Grease can be introduced into the quench port.  This external grease can provide temporary lubrication to the seal in case the pump sees large air or vapor pockets which would normally rob the seal faces of the required lubricating fluid film.

Quench can also be gas.  In hot hydrocarbon services, the fluid will turn to solid coke when it reaches the atmospheric side of the seal.  The fluid would remain a liquid if the area outside the seal faces is robbed of oxygen with a flood of nitrogen or steam.

An alarm does NOT necessarily mean a failed seal.  The collection vessel might be full from years of nuisance leakage.  Try emptying the vessel and observing how fast the vessel fills.

Two throttle bushings are used to ensure that the vapor (or fluid) leakage is limited along the shaft and out of the drain.  A pressure switch picks up a rise on pressure above nuisance levels on the outboard side of the seal.

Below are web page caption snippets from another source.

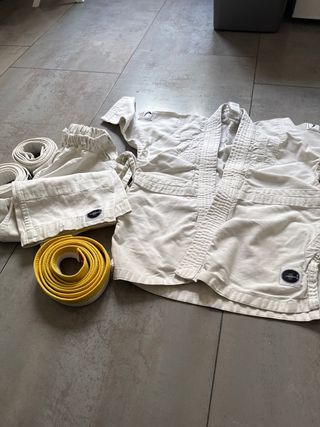 Traje Yudo Karate Blanco + Cinturón Amarillo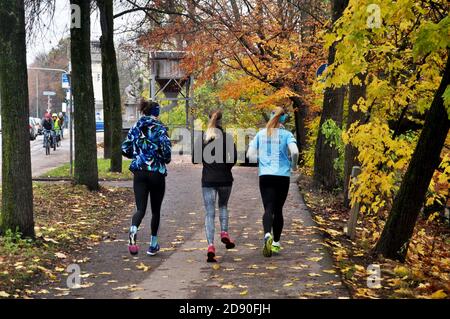 Blick Landschaft der Leopoldpark Garten öffentlichen Park im Herbst Herbst Saisonal für deutsche Frauen Joggen auf dem Fußweg Und ruhen Sie sich in Mun Stockfoto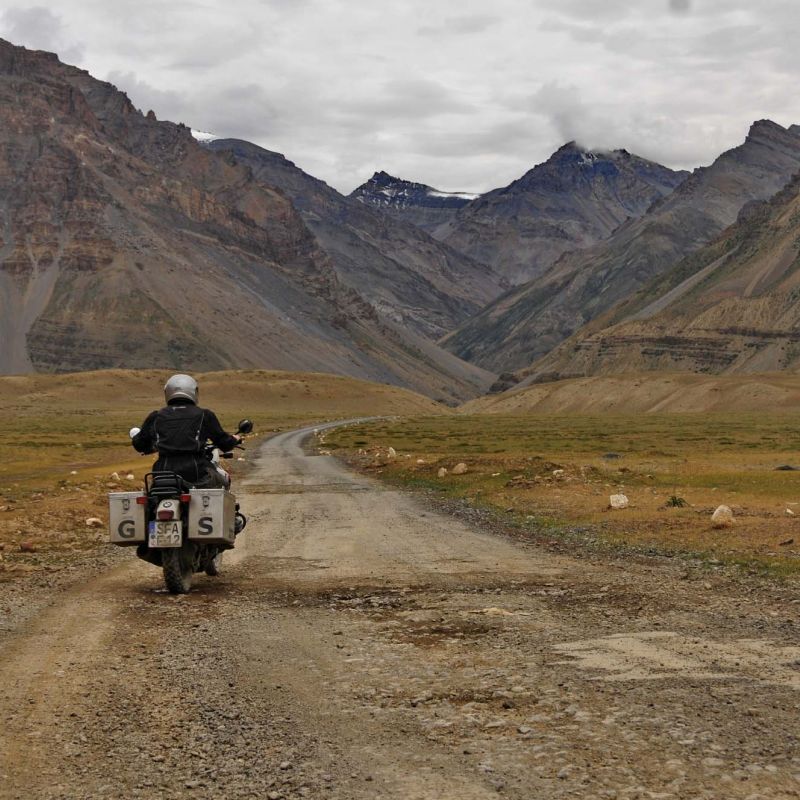 himalaya, indien, motorrad, motorradreisen, touren, gruppenreise, rundfahrten, enfield, preiswert, günstig, Delhi, Leh, Alchi, Likir, Indus, ladakh, Kargil, Dha Hanu, Batalik, Pensi La, suru, Zanskar, Nun-Kun, Padum, Lamayuru, Srinagar, Lamayuru, Nubra Ta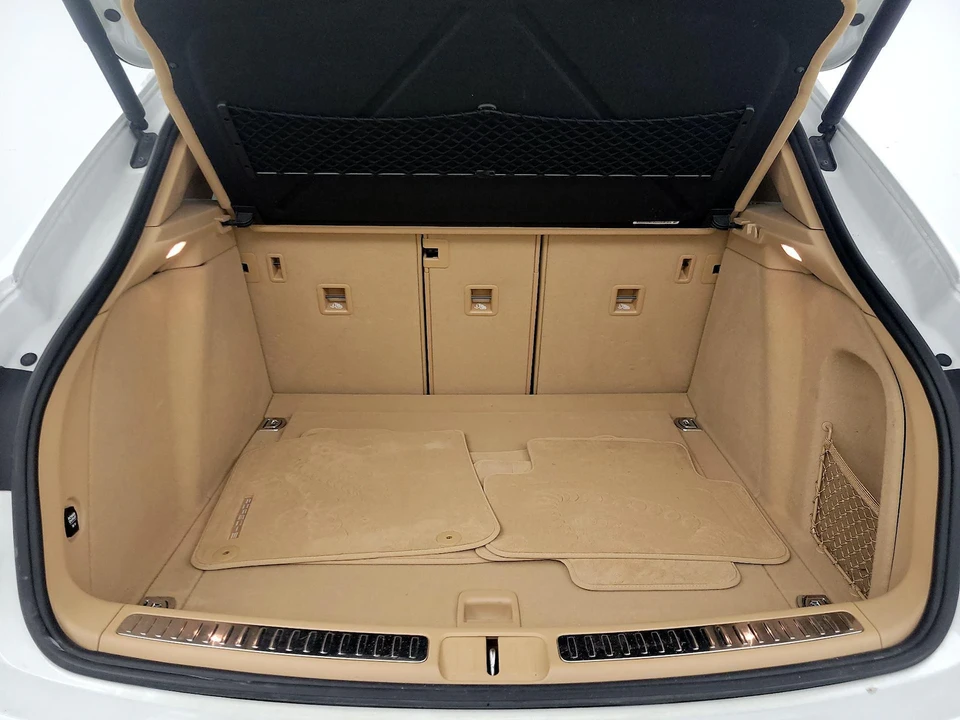 2015 Porsche Macan S - Image 23 of 28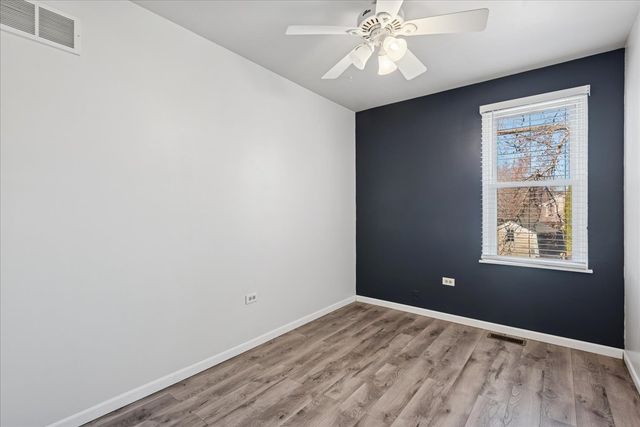 1137 Crimson Court, Naperville, IL 60564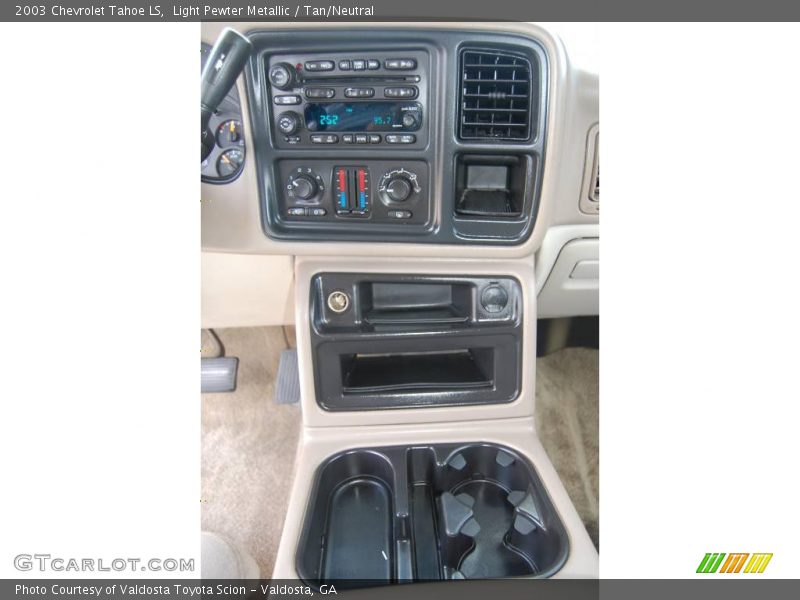 Light Pewter Metallic / Tan/Neutral 2003 Chevrolet Tahoe LS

Dual seals provide a backup seal in case the primary seal fails.  They prevent hazardous fluids from leaking to the surrounding area, desirable for both environmental protection and the safety of nearby personnel.  Dual seals also capture and control any leakage of pumpage across the primary seal. The backup seal is kept lubricated by introducing a buffer/barrier fluid (often a mineral or synthetic oil, a water/glycol mix, or diesel) into the space between the primary (inboard) and secondary (outboard or backup) seals.  The buffer/barrier fluid is contained in a tank (5 gallons is most common) adjacent to the pump.  Instrumentation on the tank indicates what is happening with the seals.

Remember that a lubricating fluid film will flow from high pressure to low pressure.  If the pump seal chamber pressure is higher than the pressure on the other side of the seal, the pumpage will be the lubricating film.  If the pump’s seal chamber pressure is lower than the external pressure, the external atmosphere will migrate into the pump.  Pumps under vacuum cannot use an ordinary single seal, since air from the atmosphere would be drawn between the faces, causing them to run dry and fail. Using a dual seal allows a fluid to be present at the outside of the seal.  In a pump under vacuum, the buffer fluid would be pulled into the pump between the seal faces, keeping the inboard seal well lubricated.

If the pump seal chamber pressure is higher than the BUFFER fluid between the primary and backup seal faces, then the pumped fluid will flow from the high seal chamber pressure into the low pressure buffer fluid.  This is called a DUAL UNPRESSURIZEDseal (formerly called a tandem seal), and the fluid is called a BUFFER fluid.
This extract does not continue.